A Look Back, a Look Ahead |  S&P: Negative Outlook Possible Regardless of TRIA Extension |  Independents Unite: Cross-Market with Other Independent Businesses |  Look to Your Small Business Clients for New Opportunities |  Back-to-Basics Selling |  Big "I" National News

 


P & C   T R E N D S
A Look Back, a Look Ahead
S&P, Fitch assign industry ‘stable’ outlook.

2005 was tough. Between catastrophic hurricanes and regulatory investigations, the insurance industry very well could have taken a beating this year. Yet the industry proved resilient by maintaining its "stable" outlook in two recent reports. Fitch Ratings’ "Review and Outlook 2005-2006: U.S. Property-Casualty Insurance" and Standard & Poor’s’ "U.S. Personal Lines Insurer 2006 Outlook" both say the industry was able to withstand 2005’s perils, although it did not emerge totally unscathed.

According to Fitch, this was the most devastating year ever for insured catastrophe losses. Although these losses will create a "shift in marketing trends," the report says that "Fitch is not convinced that these events will promote a broad market hardening as some market experts have indicated."

Beyond the hurricanes’ impact, there are other issues that could affect the industry in the new year. "The insurance industry remains cyclical," the Fitch report says. "Although market pricing has been conducive to significant underwriting profits in recent years, the industry has not fully reaped the benefits of this environment and the industry has not produced adequate returns relative to its cost of capital. This underwriting opportunity is likely to diminish over the next several years."

Fitch predicts that 2006’s p-c underwriting results and profitability will improve. It predicts new written premium growth of 5.6%, up from 2005’s 3.2%. It also anticipates a return to overall underwriting profitability next year with a combined ratio of 97.9%.

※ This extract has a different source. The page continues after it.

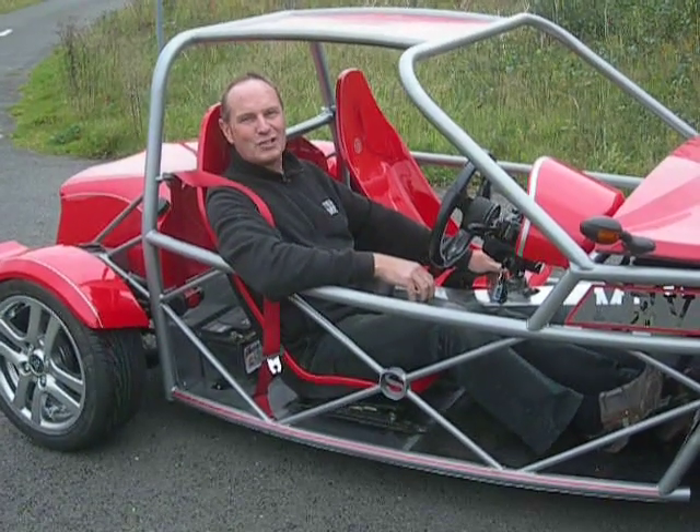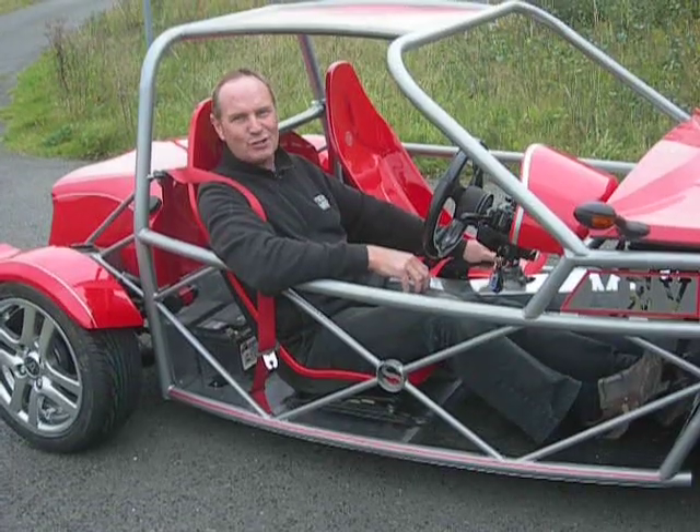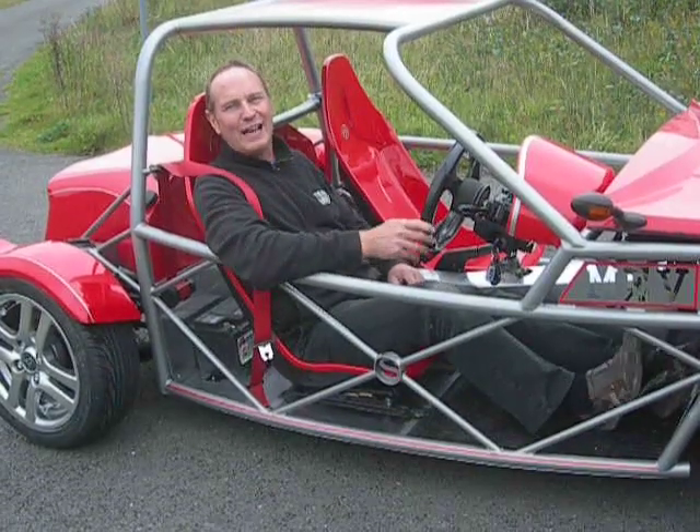This is the brand new vehicle for Mills Xtreme Vehicles Limited. It's called the Exocet XS — our new version of the Exocet, based on the Mazda MX-5. This one's not quite finished yet, but we couldn't wait to give it a test. Let's go.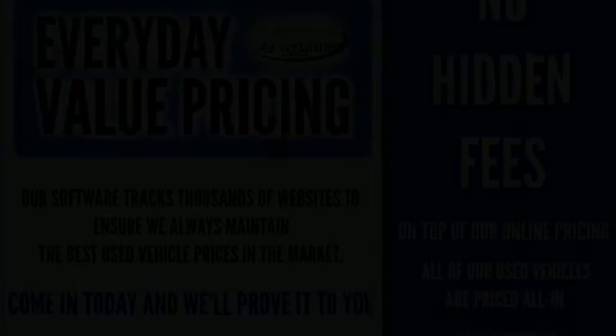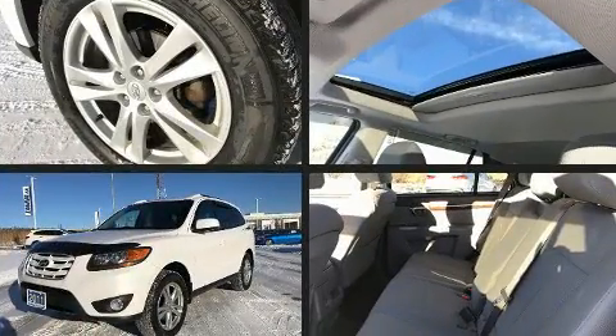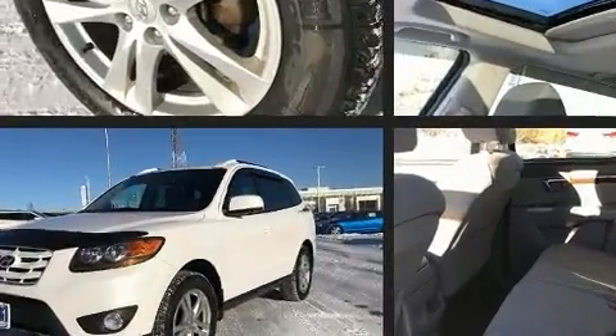Experience driving perfection in the 2011 Hyundai Santa Fe. It features a standard transmission, front-wheel drive, and a 2.4-liter four-cylinder engine.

According to the S&P report, 2005’s hurricanes, lead by Hurricane Katrina, dealt a blow to the personal lines sector, reducing earnings "across the board."

"Personal lines companies will have to enhance their risk management and underwriting practices even more," the report warns, "for it’s unlikely in the current political environment that state insurance departments will be willing to approve high rate increases, especially in the affected states."

Still, the industry still receives a "stable" outlook from S&P. However, the outlook is contingent on personal lines writers not altering their contractual obligations concerning flood coverage. The report points out that although President Bush signed a bill that increases FEMA’s borrowing levels for its flood insurance program, it’s still unknown how much of Katrina’s flood-related damage personal lines companies will cover.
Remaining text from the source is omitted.